CAFÉ DA MANHÃ ©
Cármen Rocha
 
 

O inverno estava chegando para aquela bela mulher...

O toque do sino do Mosteiro de S.Bento ecoou na praça e aos poucos penetrou no quarto desarrumado e cinzento, como ela mesma. Mexeu-se na cama. A fumaça, as cortinas semi-fechadas, o néon apagado, o abafamento, o suor, o cheiro do seu homem. Espreguiçou tristeza.

Uma réstia de sol revelava, ao seu lado, o amassado dos lençóis vazios do corpo dele. Fora buscar o café da manhã. As margaridas cor-de-carne como era de seu gosto, pendiam murchas do vaso em frente a Santo Antônio, a quem fizera seu último pedido pelo amor que estava se esfacelando. Os chinelos perdidos, cada um em seu canto. O cinzeiro trazia ainda os cigarros que embalaram aquela noite quente.

Desarrumação. Roupas por todos os lugares, que na pressa se amontoaram ou se espalharam. Copos de cerveja vazios. Não se importava, p'ra quê? Sentia no arrepio da pele a sua ausência, pressentida em seus afagos automáticos. Aquele encontro, a paixão, e aos poucos os pequenos nãos. Sua vida estava minguando para o nada. Ele iria seguir caminhos outros, seu bafo frio revelara.
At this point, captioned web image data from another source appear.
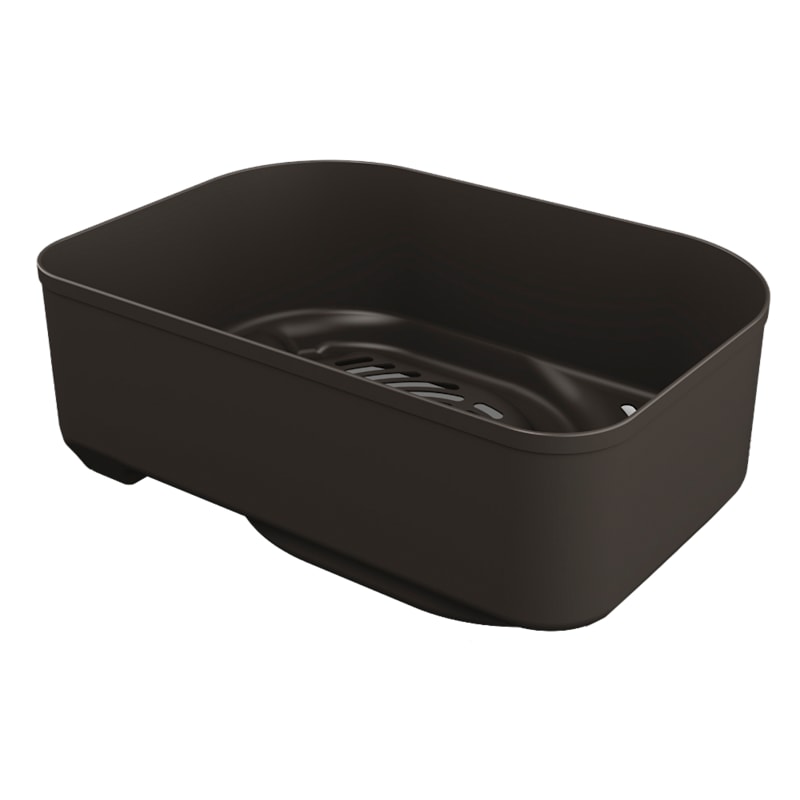 Ninja Woodfire Combo Crisper Basket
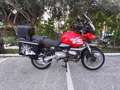 BMW R 1150 GS GS Rojo - thumbnail 4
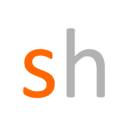 stellar-health logo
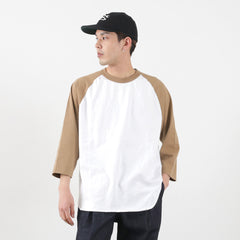 white_beige / M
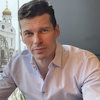 Владимир Крючков о компании Строй-Шмб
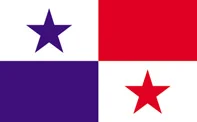 Panama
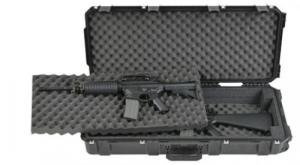 SKB iSeries Assault Rifle Case Polypropylene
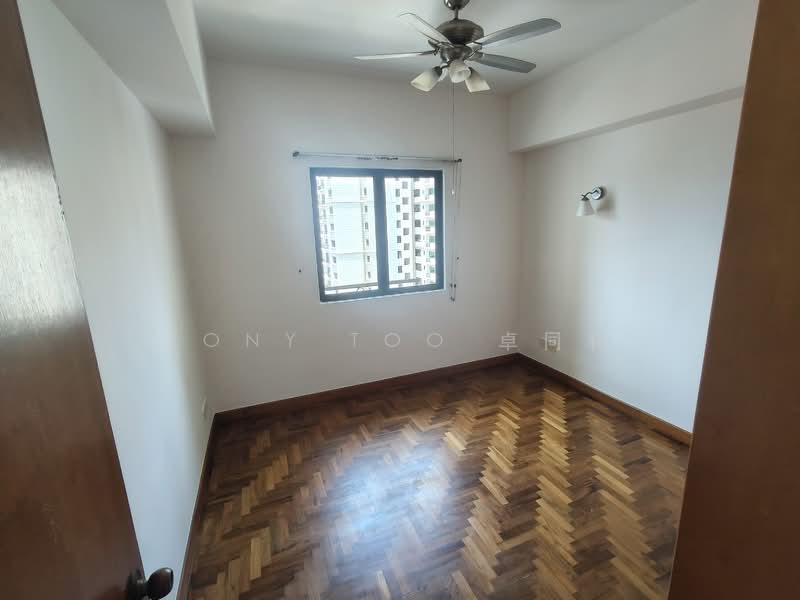 The Anchorage, 370D Alexandra Road, 3 Bedrooms, 1,561 sqft, Condominium For Rent, by Tony Too 卓同利, 500116357 - Interior - PropertyGuru.com.sg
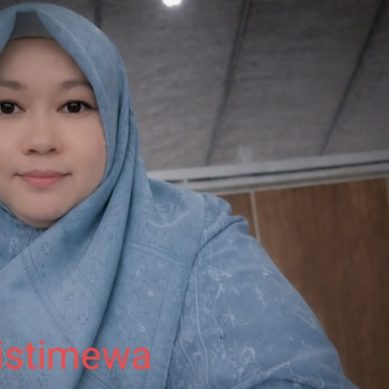 Ibu Korban Bantah Isu Damai dan Penerimaan Uang dalam Kasus Persekusi RS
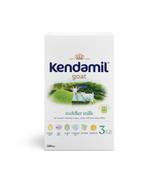 Kendamil Kozie 3 Junior, 500 g
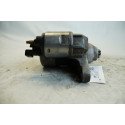 MOTOR DE PARTIDA VOLKSWAGEN SPACECROSS 1.6 MI 2011/12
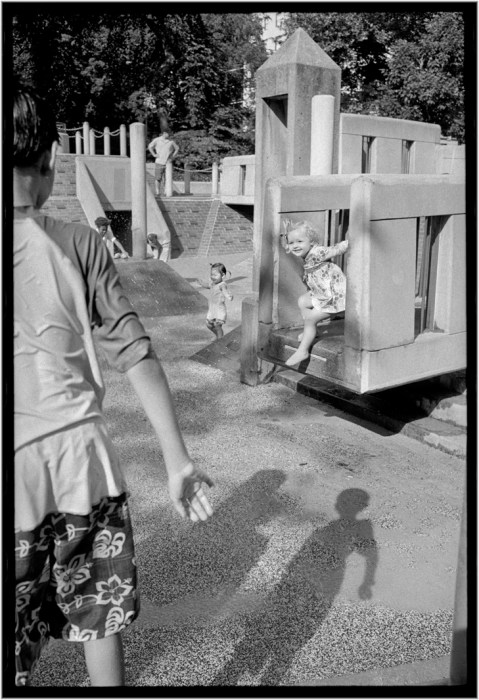 playground-nyc-matt-weber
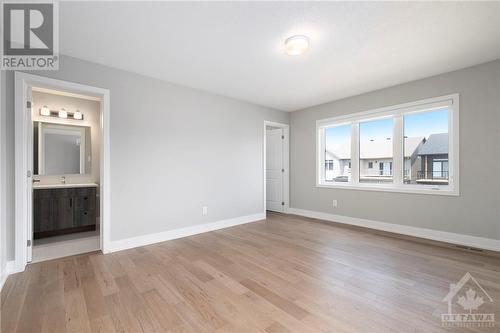 709 Fenwick Way, Ottawa, ON - Indoor Photo Showing Other Room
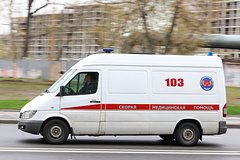 Vsu atakovali avtobus s passazhirami v dnr 3ed8257.jpg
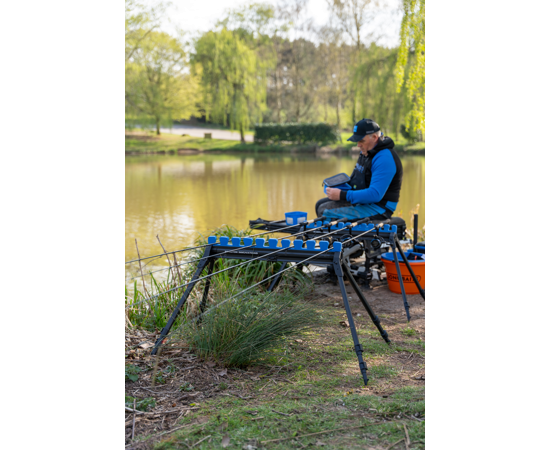 Inception Pro Roost Standard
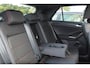 Volkswagen T-Roc 1.5 TSI Sport BnsR-Line | Carplay | Pano | Trekhaak |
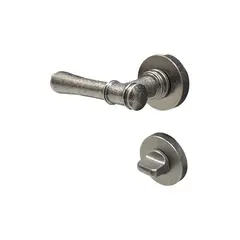 Handle with socket Morelli Z5-72H50 LF + plumbing wrap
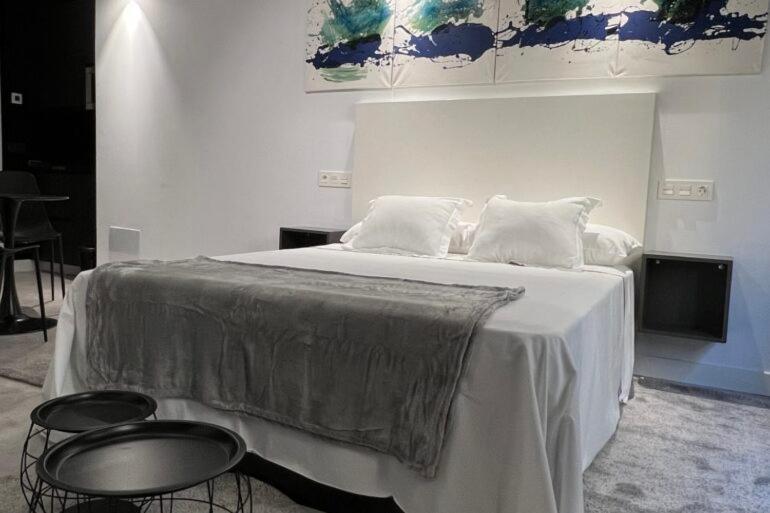 Innova Spaces * Malaga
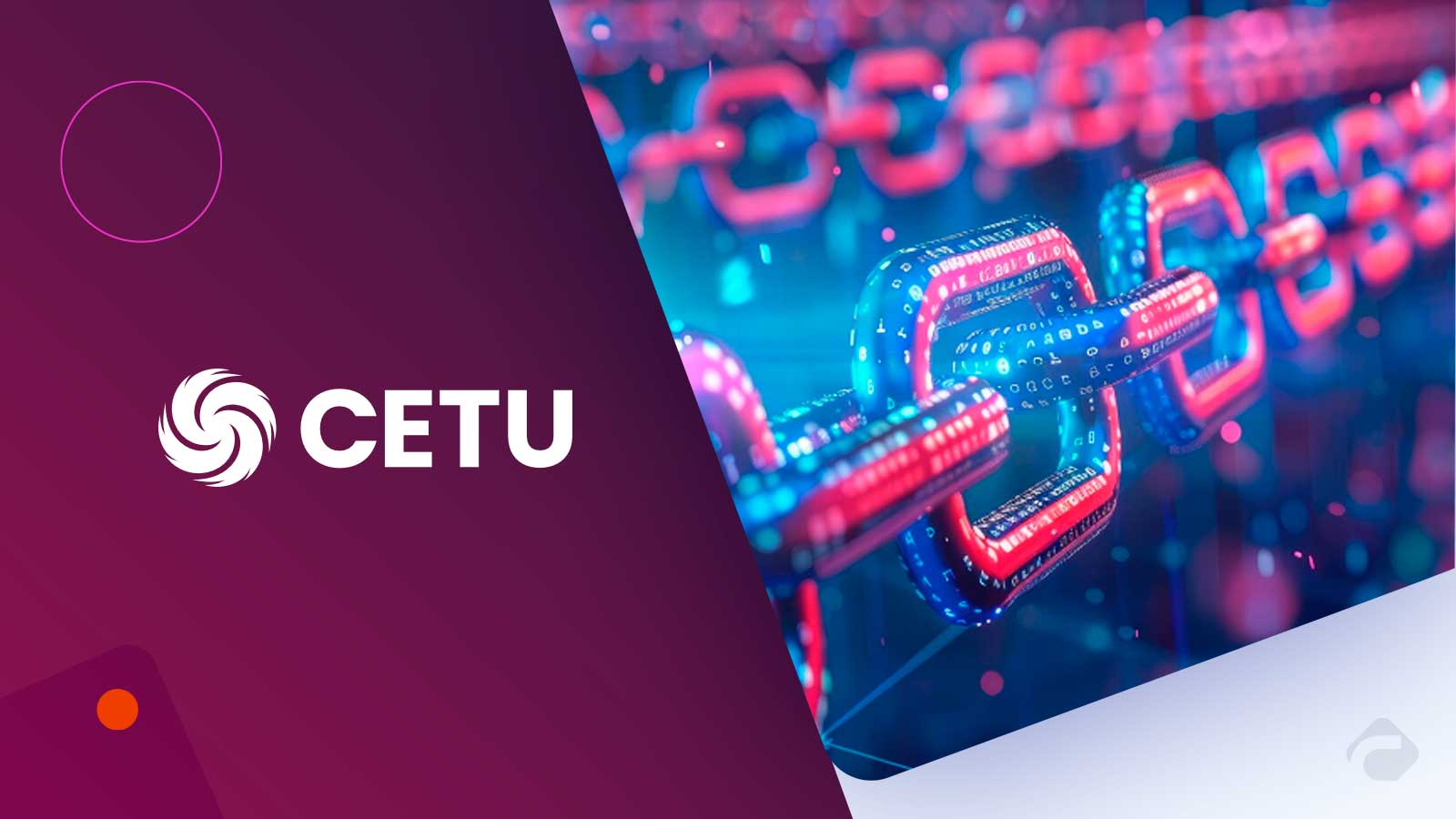 CeTu Recognized in Gartner® Market Guide for Telemetry Pipelines
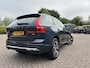 Volvo XC60 B5 Ultimate Bright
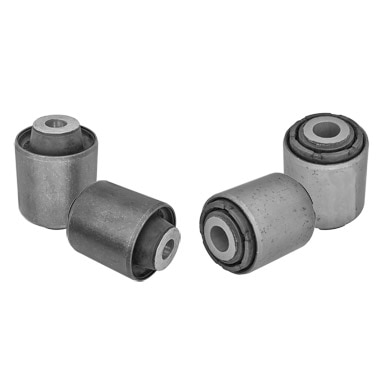 bushings-Meyle-E60-E63-E65-X5-X6-rear-control-arm-inner-bushing-set-sm.jpg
O retrato... os dois enlaçados pela cintura, sorriso nos lábios. Olhos serenos. Era ainda o tempo da inocência. Ao longe, na foto, pássaros voavam para destino certo. E o meu, balbuciou? Seus lábios tremeram desgraça. Vinda muito antes, cedo demais. Tinha certeza. Entrou. Banheiro apertado e escuro. Passou água embaixo dos braços e se banhou. Passou o batom, arredondando a boca carnuda, e os lábios se fecharam com sensualidade e solaparam o ar, ploc. Colocou automaticamente a colônia barata. O perfume se espalhou, ameaçando esconder o cheiro de cera, suor misturado ao café da véspera.

Então, esperou pelos movimentos dele: chegou ao bar... os pães quentes e o café... o troco... a caminhada de retorno, a subida das escadas... a chave... Voltaria? - ficou indecisa, olhando a porta, que em sua imobilidade assemelhou-se ao tempo. Suspiro.

Lá fora o rebuliço, as buzinas, o novo dia. A rotina. Aquela mania dele... passou o dorso da mão com raiva na lágrima teimosa... apanhou a bolsa surrada, apalpou o dinheiro amarrotado, e sacudindo os cabelos espalhados em cachos levantou a cabeça e saiu. Nos lábios, o gosto doce do último beijo.